_WHAT IS BEING ASKED_
Set down exact lines only, from the line with "You can also buy" through the last line of the material below, with every picture left out.
(DATA SHOWN)
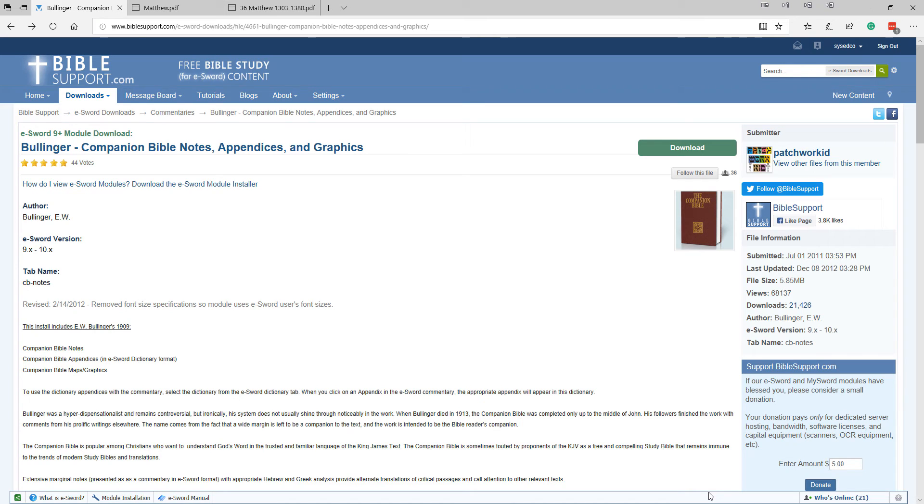In this video review for eSword, we're going to be reviewing an eSword module called the Bullinger Companion Bible Notes, Appendices, and Graphics.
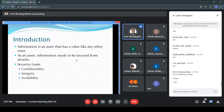There are three goals for security. They are confidentiality, integrity, and availability. You can remember these three goals as CIA: C means confidentiality, I means integrity, and A means availability.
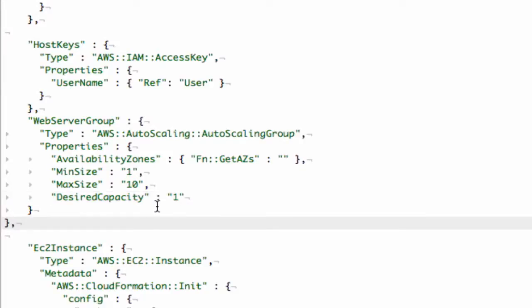So we're almost done. I just need to modify the EC2 instance resource to become a launch configuration. A launch configuration is a template for what each instance in an autoscaling group should look like. Basically you pass in the template into your autoscaling group and the instances will boot from it.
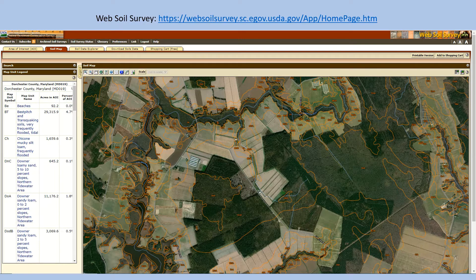Now all the soil survey data is available online, which allows for more readily updated information and makes it more accessible — you don't have to have the book. You can look up a specific area, see polygons showing the different map units, find descriptions of those map units, and find the same suitability and interpretation tables. I'll be going through how to find this information in this video.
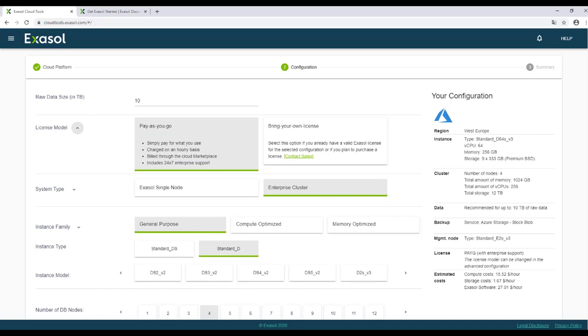You can also buy a perpetual or temporal license directly at XSOLE. Then you would choose bring your own license here.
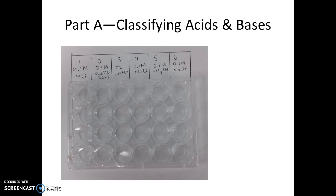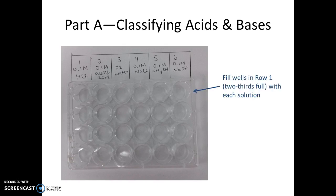Label the columns with the six different solutions that you're going to be testing. The specific solutions are listed in the procedure for the lab, as you can also see from my labels here. Next, fill row one two-thirds of the way full with each solution.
(End DATA SHOWN)
_FINISHED TASK_
You can also buy a perpetual or temporal license directly at XSOLE. Then you would choose bring your own license here.
Label the columns with the six different solutions that you're going to be testing. The specific solutions are listed in the procedure for the lab, as you can also see from my labels here. Next, fill row one two-thirds of the way full with each solution.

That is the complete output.